Retrieve an example of a data model¶
As aleady announced in the previous subsection, we are able to receive a running example from the platform in order to avoid the cumbersome generation of a COCatalyticFOAMModel from scratch.
For doing so, please go to the models/get_example/{modelname}-endpoint and insert the name of the model we would like to analyze, which is COCatalyticFOAMModel here again:
After hitting the copy-icon at the bottom of the response-window, we simply can copy the output of this endpoint to our clipboard and use it in the next step for the model instanciation.
Create a data model¶
For this procedure, we navigate to the models/create/{modelname}-endpoint:
Once again, we will need to add the COCatalyticFOAMModel as modelname as required parameter into our endpoint.
We are now using a POST-strategy, which means that the body of our http-request now contains an approved IANA-mediatype. In this example, we are using the JSON-mediatype as it was used in the response bodies of the previous endpoints.
The body of the payload can be customized in an editor within the Swagger-UI before submission.
As announced in the previous subsection, we would like to downscale the maximum simulated time to 1e-8 in order to make a quick run of the model.

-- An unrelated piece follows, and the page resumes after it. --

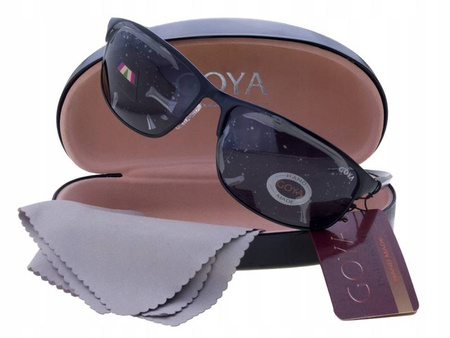 Okulary przeciwsłoneczne polaryzacyjne dla kierowców GOYA - G 218 A aluminium UV400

For this purpose we are adding the following key-value pair to our JSON-payload:
{
...,
"maxtime": 1e-8,
...,
}
Note
The order of the properties in the COCatalyticFOAMModel (see schema explainations above) does not really matter. However, we have to be sure that the item is placed into the correct level of the JSON so that it is properly assigned COCatalyticFOAMModel-object and not to any depending submodel, such as e.g. solver_options, velocity, chemical_species etc. For this action, it is recommended to recapitulate the definition of the JSON-format and how we can nest different items into it. In order to make the example work without further reading, you may also study the placement of the item into the playload from the screenshot above.

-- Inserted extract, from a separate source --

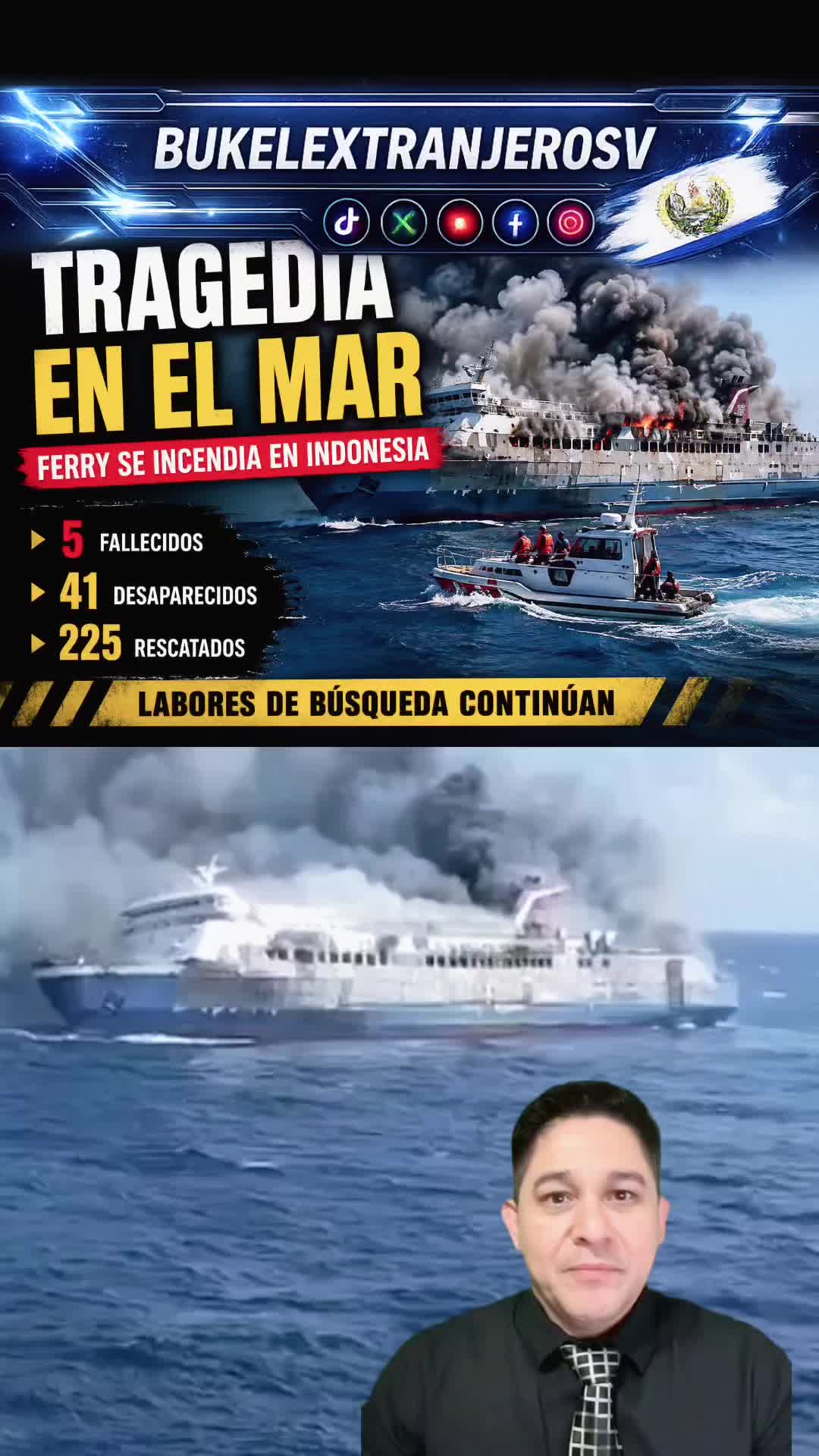 @El Extranjero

After submitting the request at models/create/{modelname} with the Execute-button again, we receive another JSON as response with a cache_id. This key is giving us the serialized data model in the form of a knowledge graph back from the cache later on.
Note
The cache is the in- and output reference for any simulation on the platform has a default life time of 2 weeks (can be extended by the platform administrator by setting the docker-compose variables). The platform itself is not a permanent storage and is not meant to be as such due to various technical reasons. The cache also gives the opportunity, that the user may load other custom data models and even whole use case directories into or out of the cache. The models/create/{modelname}-endpoint is only a helper-function to create the complex data models within the boundaries of the platform. The data can also be directly loaded into the cache without this function, e.g. if they have been retrieved from an external storage (e.g. NOMAD, MarketPlace, MaterialsCloud, Optimade, etc.). The REST API is hence the technical realization which is providing the seamless interoperability between external services and shall help a user to orchestrate the complexity of multiscale simulations as well as the dataflow between various platforms. The introduction of a diskcache was chosen since it represents the most reasonable solution to enable a user to upload any custom data(-set) to give the broadest flexibility without overloading the memory- or diskspace over time. Criticism and feature requests are always welcome and can be submitted by contacting the platform developers or by submitting an issue in the code repository.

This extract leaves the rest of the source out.